WHAT THE TASK REQUIRES:
Every line below from the one with "image for page" through the one with "Grafico Popolazione in" is to be repeated exactly, with no picture among them.

PROVIDED RECORDS:
____________

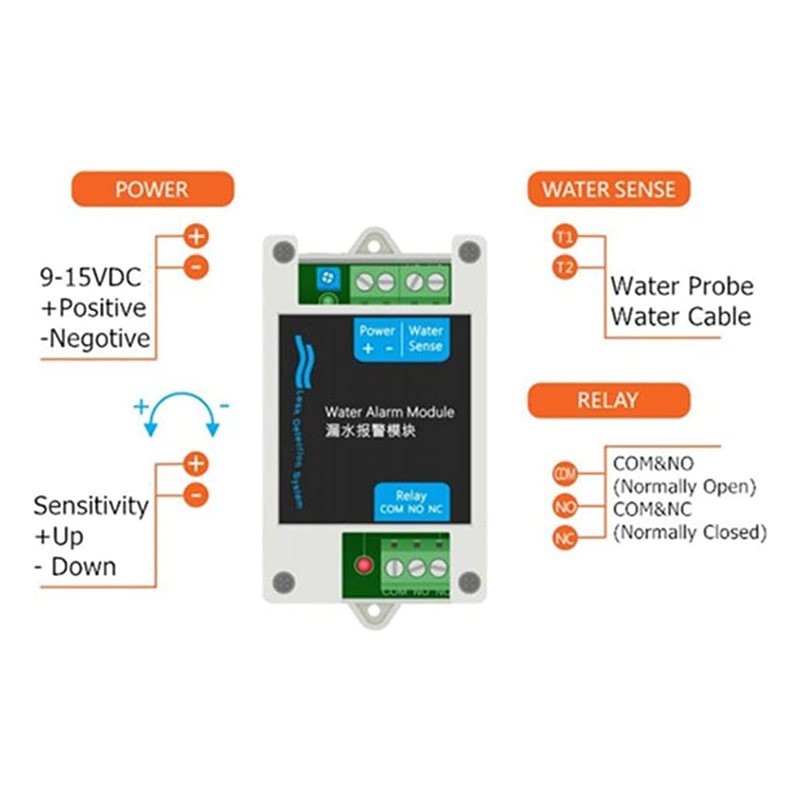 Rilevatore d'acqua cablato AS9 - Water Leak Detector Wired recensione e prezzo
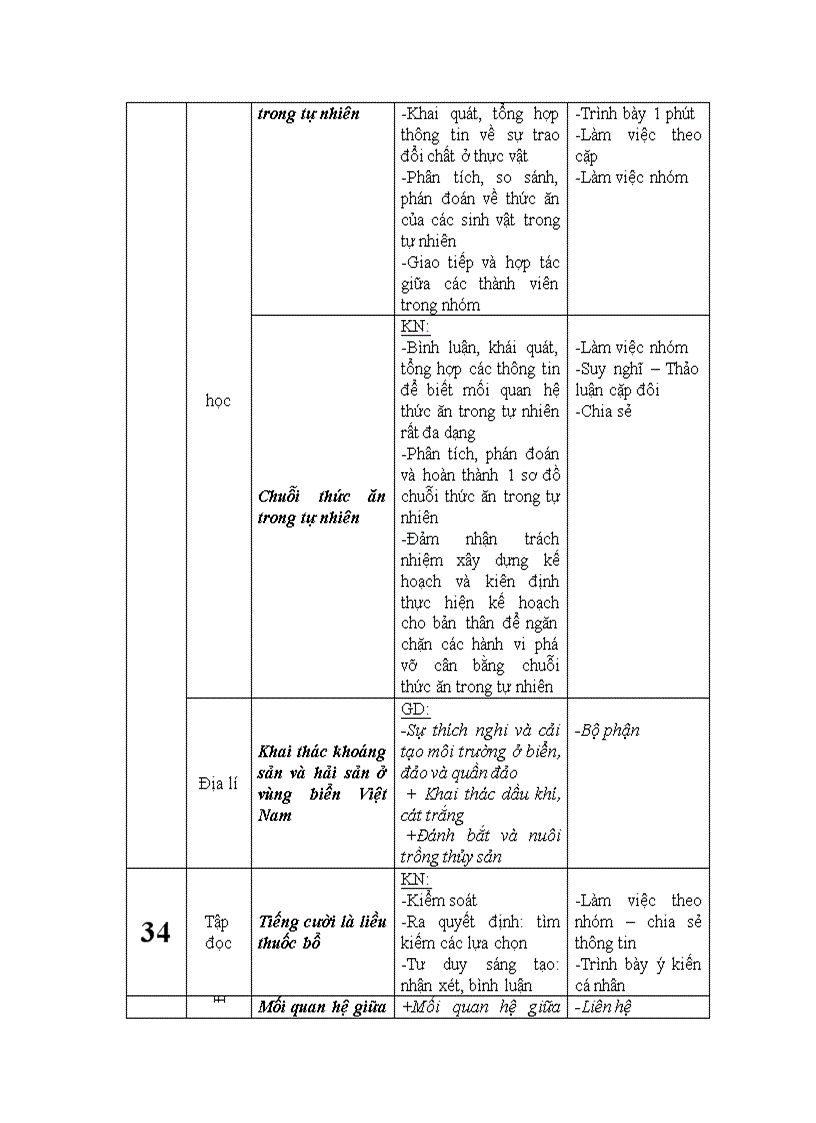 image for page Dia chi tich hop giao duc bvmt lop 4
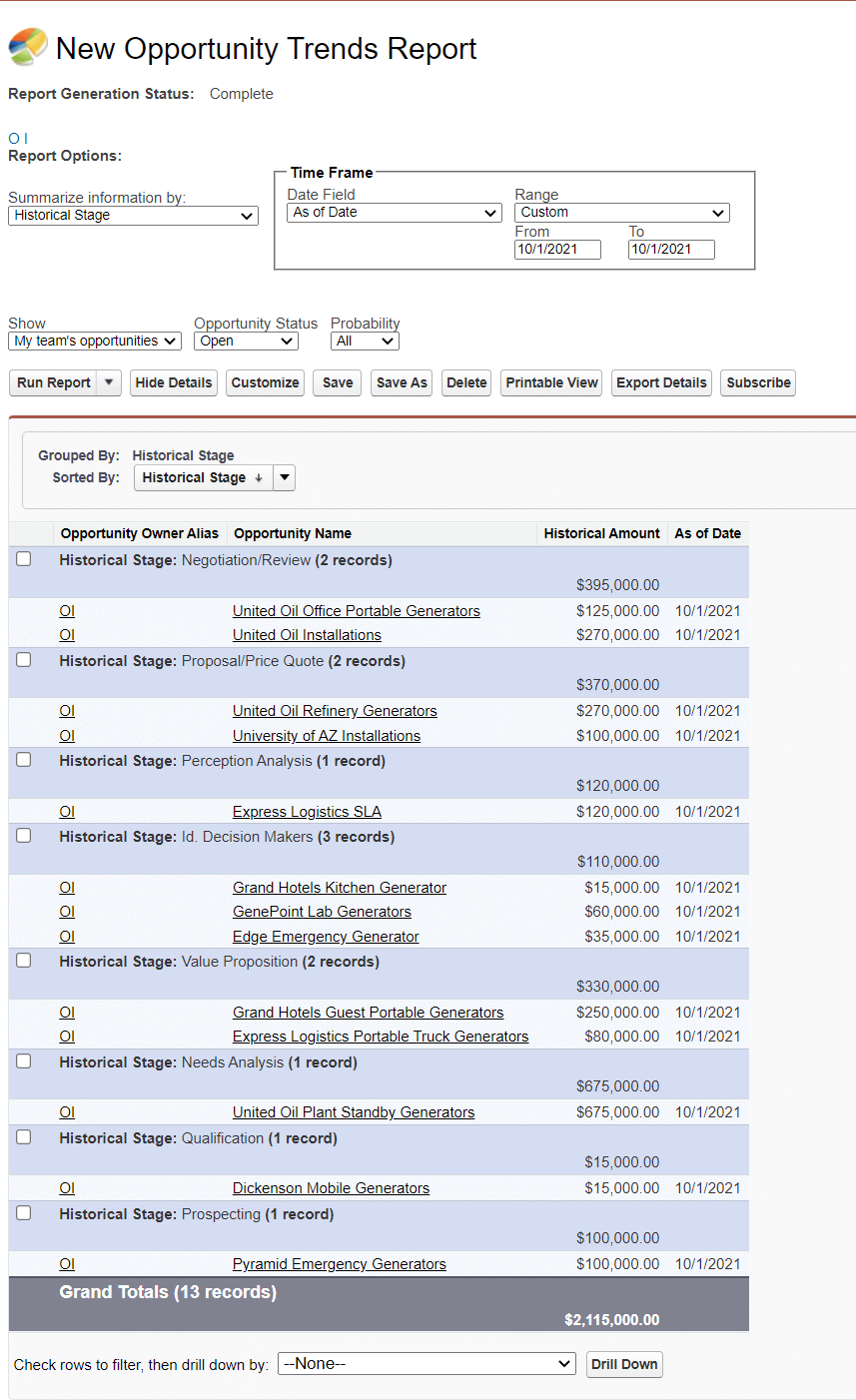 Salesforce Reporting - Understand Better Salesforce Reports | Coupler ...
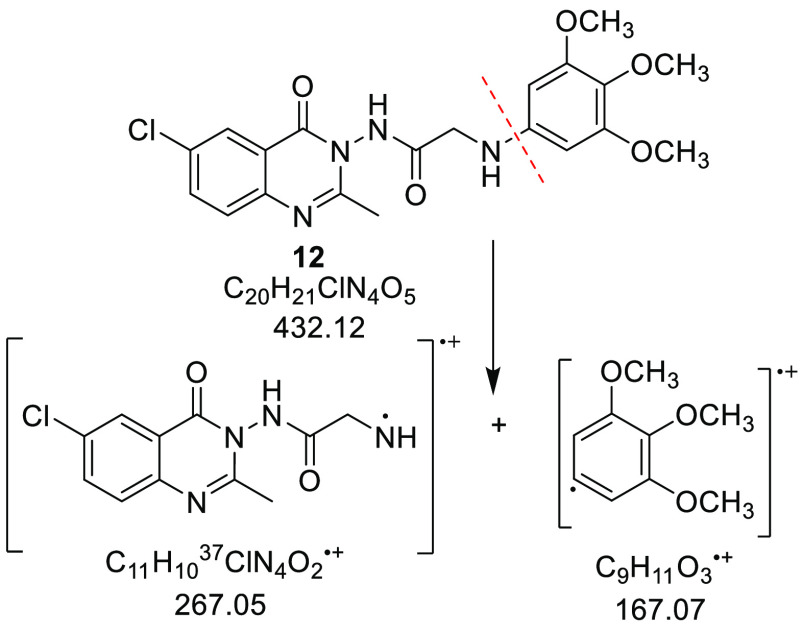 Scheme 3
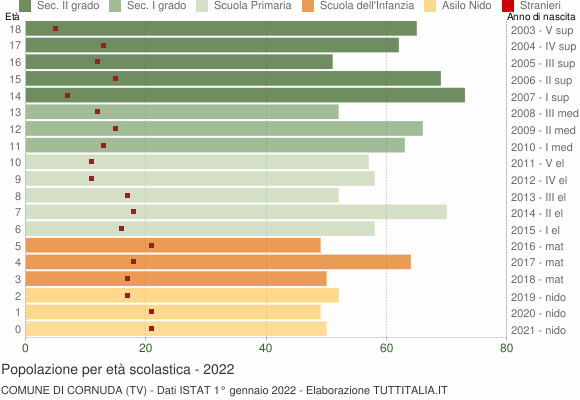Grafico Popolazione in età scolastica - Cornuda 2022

____________

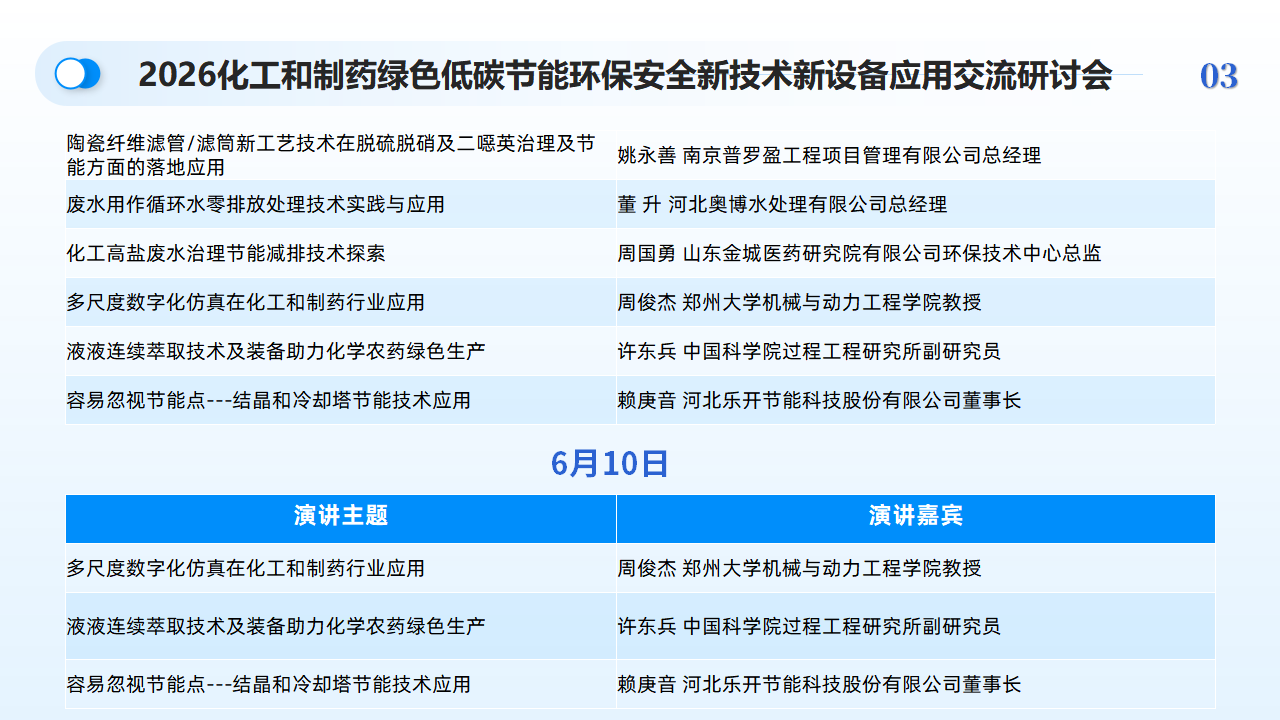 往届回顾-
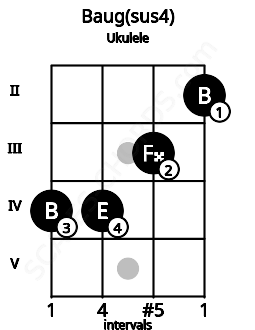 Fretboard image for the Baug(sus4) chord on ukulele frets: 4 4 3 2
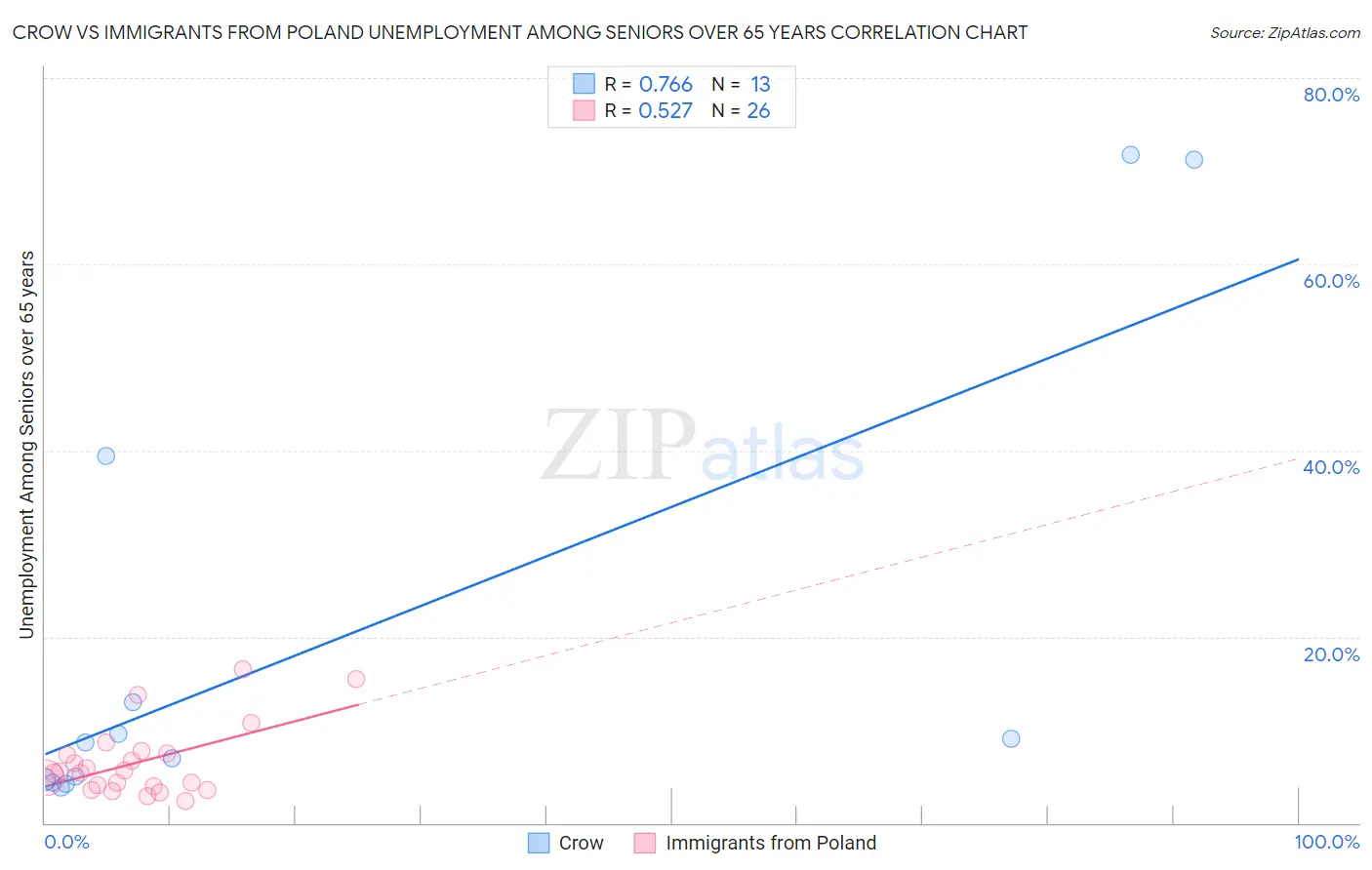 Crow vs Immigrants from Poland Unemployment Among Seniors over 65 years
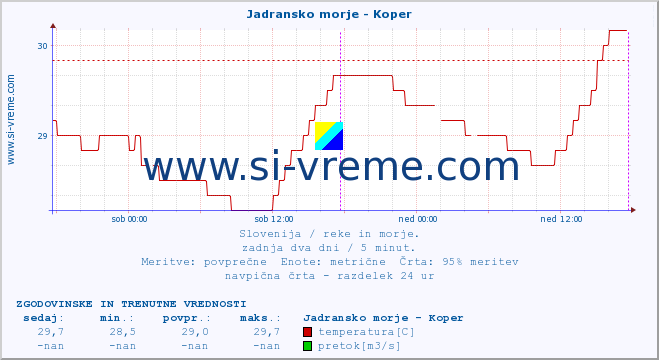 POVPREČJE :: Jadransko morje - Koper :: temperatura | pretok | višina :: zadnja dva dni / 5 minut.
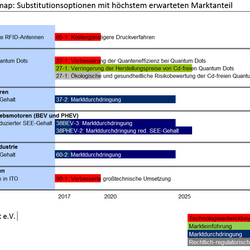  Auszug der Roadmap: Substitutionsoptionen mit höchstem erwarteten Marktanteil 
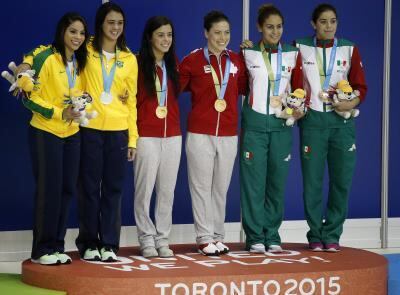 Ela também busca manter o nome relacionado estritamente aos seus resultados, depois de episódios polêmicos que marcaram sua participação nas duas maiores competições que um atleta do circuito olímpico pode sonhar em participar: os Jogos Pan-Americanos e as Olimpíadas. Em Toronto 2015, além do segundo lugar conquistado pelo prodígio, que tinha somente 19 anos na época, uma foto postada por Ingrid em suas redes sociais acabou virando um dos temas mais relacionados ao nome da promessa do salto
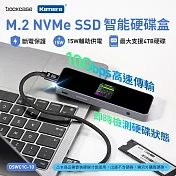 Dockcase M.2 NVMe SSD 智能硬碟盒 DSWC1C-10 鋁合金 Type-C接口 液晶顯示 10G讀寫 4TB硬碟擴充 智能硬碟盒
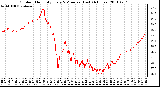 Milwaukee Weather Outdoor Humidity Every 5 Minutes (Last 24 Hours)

____________

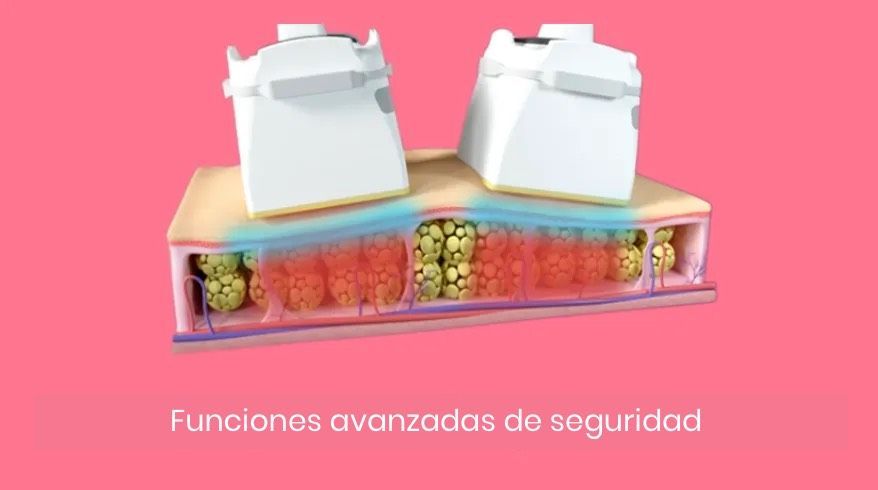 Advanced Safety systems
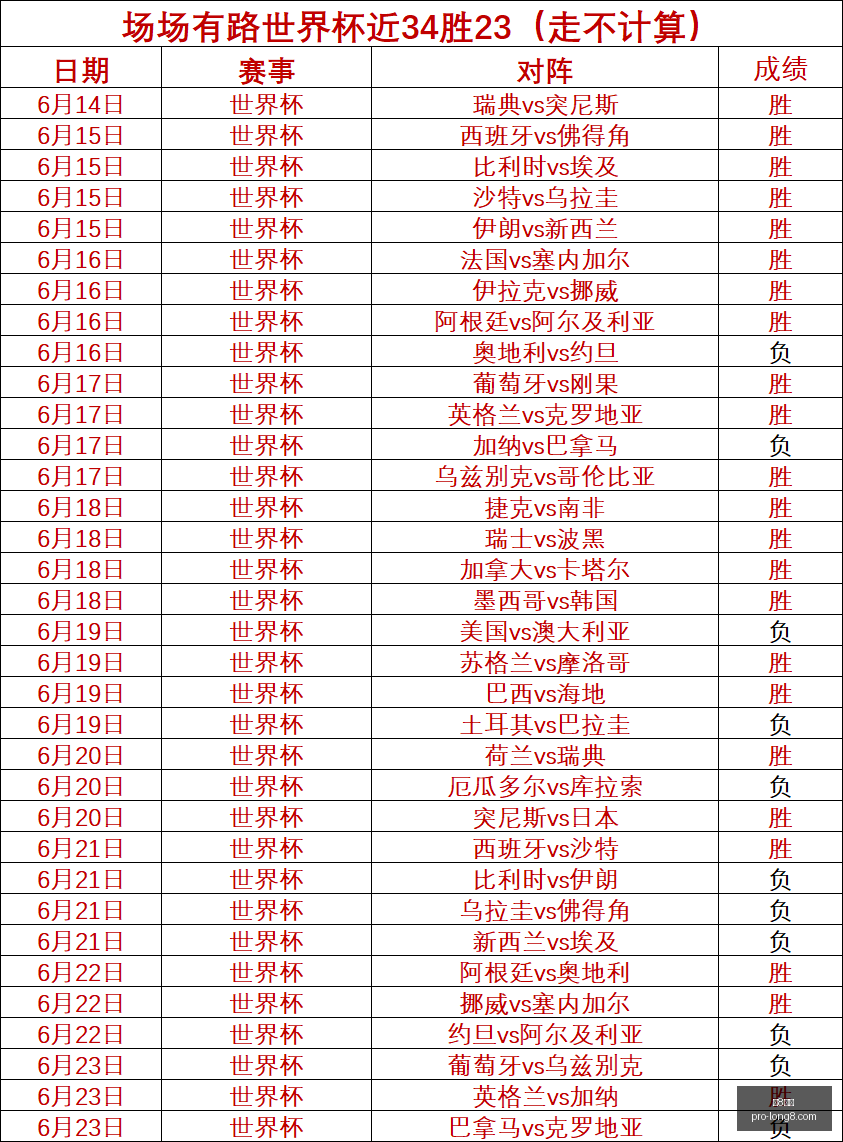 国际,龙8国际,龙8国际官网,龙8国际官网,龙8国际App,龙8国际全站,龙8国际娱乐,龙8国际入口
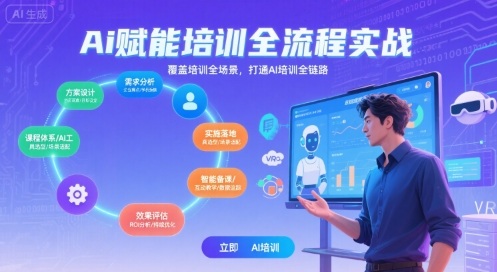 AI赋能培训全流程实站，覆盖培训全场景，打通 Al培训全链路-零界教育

____________

RESPONSE:
 image for page Dia chi tich hop giao duc bvmt lop 4
 Salesforce Reporting - Understand Better Salesforce Reports | Coupler ...
 Scheme 3
Grafico Popolazione in età scolastica - Cornuda 2022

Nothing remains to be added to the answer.